Want a Happy Child? Do This
What makes children happy? Stuff. That’s what most parents think, it seems. Xbox 360, Furby, Lil Swanky clothing, M&M’s and licorice ropes, Lego sets, expensive birthday parties—whatever little Madison and Brayden desire.
If Mom and Dad took a break from indulging their kids’ whims and thought about it, they might admit that it’s not working. You don’t have to peek down too many aisles in the toy store to see children who already have everything—and are miserable brats. There must be another way.
Now, science is supplying some evidence to teach us what was once common knowledge: that it actually is more blessed to give than to receive.
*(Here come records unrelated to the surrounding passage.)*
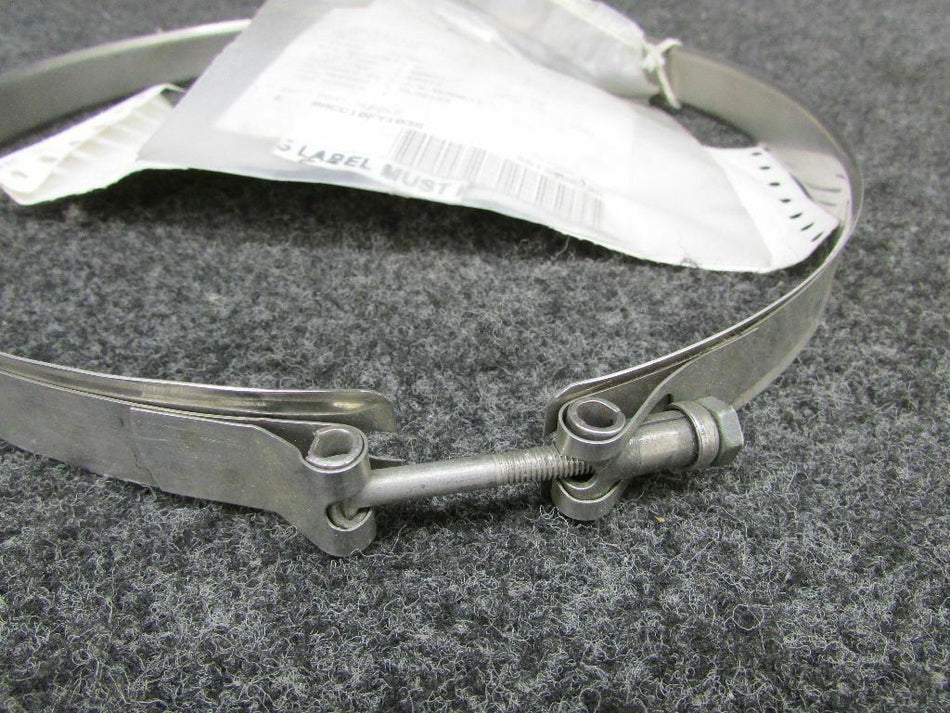 BACC10FY103S Boeing Clamp Assembly (NEW OLD STOCK) (SA)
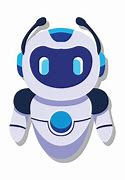 Image result for Chatbot Robot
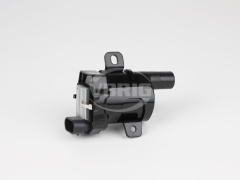 VBRIG Block-type Ignition Coil,VB-5006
In their recent study “Giving Leads to Happiness in Young Children,” psychologists at the University of British Columbia found that giving puts smiles on young children more than getting. “[B]efore the age of 2, toddlers exhibit greater happiness when giving treats to others than receiving treats themselves,” the study’s authors wrote. “Further, children are happier after engaging in costly giving—forfeiting their own resources—than when giving the same treat at no cost.”
cnn sums up the findings: “These studies confirm some age-old wisdom about happiness: If the goal really is to make our children happy, perhaps what we ought to be doing is not overindulging them, but giving them the opportunity to give” (Sept. 17, 2012).
The study’s lead author, Lara Aknin, insists that children receiving pleasure from giving away their goldfish crackers shows the emotional rewards we can all enjoy from acts of personal sacrifice. “You can construe that pro-social behavior broadly to include giving time volunteering, giving money to causes or giving other resources,” she told cnn. “All of these correlate to happiness.”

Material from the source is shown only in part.